It is not easy being an International Seaman, nevertheless Australian Authorities seem to want to make it even harder. The latest changes made by AMSA (Australian Maritime Safety Authority) seem to create quite an egregious contrast when compared to the British MCA (Maritime & Coastguard Agency) regulations. Although both agencies had prior regulations of their own when it came to certification of seaman and vessels, the latest changes made are in MCA’s The Large Commercial Yacht Code (LY3).
As seafaring evolves, so do the safety regulations that govern it. The merchant ship safety standards are being recognised for being incompatible with the safety needs of superyachts. Under the recently introduced Marine Order 52, large yachts or superyachts are defined as motor or sailing vessels of more than 24 meters in load line length, of 150 gross tonnes or more, in commercial use for sport or pleasure and not carrying more than 12 passengers. In addition to this definition, a new certification structure for crews similar to the LY3 was also introduced.
As catch 22s go; getting an Australian working visa is right up there next to the situation that created the term. However, getting your certification recognised in Australia to work on a superyacht just might be the top contender. Crewing a superyacht isn’t easy, crewing a superyacht with a foreign crew in Australia is even hard. To have your foreign certification recognised in Australia, you need to at least have a current Australian working visa. Which would mean you would need to be already working in Australia, but you can’t work in a crew in Australia without recognition of the certificate. This makes us ask the question why would any one hire someone who is not certified to work in Australia, hoping that their certification will be recognised.
The introduction of Marine Order 52 provides an equivalent standard through the adoption of the MCA’s LY3 Code which has simplified and streamlined the recognition of superyacht seafarer certifications for crews and ships. Keep in mind the fact that a seaman can be certified by the MCA in Australia, but that certification is not recognised by Australian flagged vessels. If you complete an MCA STCW95 course in Australia you need to be aware that it is not recognized; it is only recognized by foreign flagged vessels which are cruising overseas (America, Europe, England) or cruising around Australian waters. While if you complete an AMSA STCW95 course in Australia, it is recognized by both Australian flagged yachts and foreign flagged yachts cruising overseas or cruising in Australian waters.

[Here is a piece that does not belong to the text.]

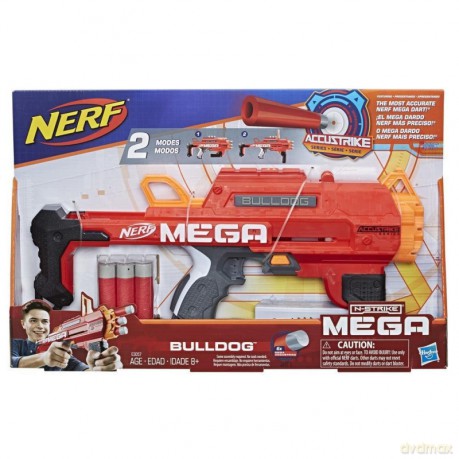 Wyrzutnia Nerf Mega Bulldog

These pathways introduced by AMSA, in creating STCW commercial yachting courses in the yachting industry, present approved certification based on the MCA. It allows holders of STCW commercial yachting certificate to gain full STCW certification. The changes focus on the survey and certification requirements of large yachts engaged in commercial operations and how they will be regulated under the Australian Navigation Act 2012. The new qualifications introduced a deck certificate or competency structure similar to that of the MCA certificate structure for Master, Chief Mate, and Deck Watchkeeper qualifications.